I stand (mostly) alone here saying I enjoyed Dee Rees’ latest Netflix-distributed film, The Last Thing She Wanted, an adaptation of a Joan Didion novel, starring Anne Hathaway as Elena, a hard-nosed veteran D.C. reporter who takes over her absentee father’s (an always excellent Willem Dafoe) role in an international arms deal. In fact, it’s much better than Rees’ last film, the rote Mudbound, which was ultimately praised for its competent conventionality.
Mainstream critics’ confusion over the plot of The Last Thing He Wanted reminds me of when many of them thought Inception was too complex (actually, that film, to my great disappointment, spent much of its runtime explaining itself). Rees’ film has been extraordinarily panned because it does not naturally hew to the mainstream thriller genre, nor is it interested in teasing out the finer points of its heady, fast-moving plot like recent over-adored explainers such as The Big Short.
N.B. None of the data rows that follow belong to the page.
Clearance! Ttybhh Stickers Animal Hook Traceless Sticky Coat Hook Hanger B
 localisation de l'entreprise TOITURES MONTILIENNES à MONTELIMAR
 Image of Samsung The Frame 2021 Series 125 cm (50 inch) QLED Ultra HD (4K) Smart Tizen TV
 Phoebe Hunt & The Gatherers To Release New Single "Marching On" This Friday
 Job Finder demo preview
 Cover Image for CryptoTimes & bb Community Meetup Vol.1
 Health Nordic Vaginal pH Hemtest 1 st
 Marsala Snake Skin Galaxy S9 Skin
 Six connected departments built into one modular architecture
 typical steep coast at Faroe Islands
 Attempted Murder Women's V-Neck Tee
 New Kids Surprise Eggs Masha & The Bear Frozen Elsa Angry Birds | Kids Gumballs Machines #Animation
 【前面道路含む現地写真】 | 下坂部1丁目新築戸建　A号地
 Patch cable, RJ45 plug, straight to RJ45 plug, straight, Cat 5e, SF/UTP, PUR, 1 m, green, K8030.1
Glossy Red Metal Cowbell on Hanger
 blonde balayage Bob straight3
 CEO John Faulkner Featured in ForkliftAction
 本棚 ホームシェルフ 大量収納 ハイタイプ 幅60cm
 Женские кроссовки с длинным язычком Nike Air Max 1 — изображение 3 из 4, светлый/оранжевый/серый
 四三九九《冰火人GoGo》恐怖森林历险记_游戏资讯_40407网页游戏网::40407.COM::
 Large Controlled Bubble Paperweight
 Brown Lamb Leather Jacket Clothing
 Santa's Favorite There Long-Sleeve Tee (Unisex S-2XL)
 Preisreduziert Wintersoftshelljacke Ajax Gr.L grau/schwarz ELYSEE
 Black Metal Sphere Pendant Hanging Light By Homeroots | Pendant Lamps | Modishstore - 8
Instead, the film is interested in how all kinds of people, at a particular political and cultural moment in the U.S., often found themselves in such charged, bewildering circumstances, both as a matter of national affairs and their own personal ambition. Visually, it’s a film as interested in ’70s aesthetics as it is in the psyches that charged them, though it’s set in the ’80s, when ’70s counterculture was fading out into a kind of American proto-fascism. Rosie Perez’s cool yet knowing photo-journalist exudes the visual and narrative ambivalence of the film, where the bohemian sensibility finds itself in sleek, pressure-filled environments.
Rees’ approach as director and co-writer, which has led directly to the film’s largely negative reception, is very Didion-esque—if you actually have read her, you’ll know that Didion didn’t pace her stories and reports like Tana French novels; her aims have always been much grander, and mysterious. If you do, in fact, read difficult books and watch difficult films with curiosity rather than impatience, you’ll know that—like, say, Paul Thomas Anderson’s Inherent Vice adaptation and Thomas Pynchon’s other novels—there can indeed be worlds inside other worlds, substance that cannot be deciphered according to a linear logic or a cultural amnesia that praises common-denominator legibility over genuine inspiration. And I believe there are audiences who are much more willing to engage in a difficult, strange story than many critics will give them credit for. I’m certain there will be “ordinary” people who read widely, sometimes watch movies made before 1980, and will be glad they saw this film.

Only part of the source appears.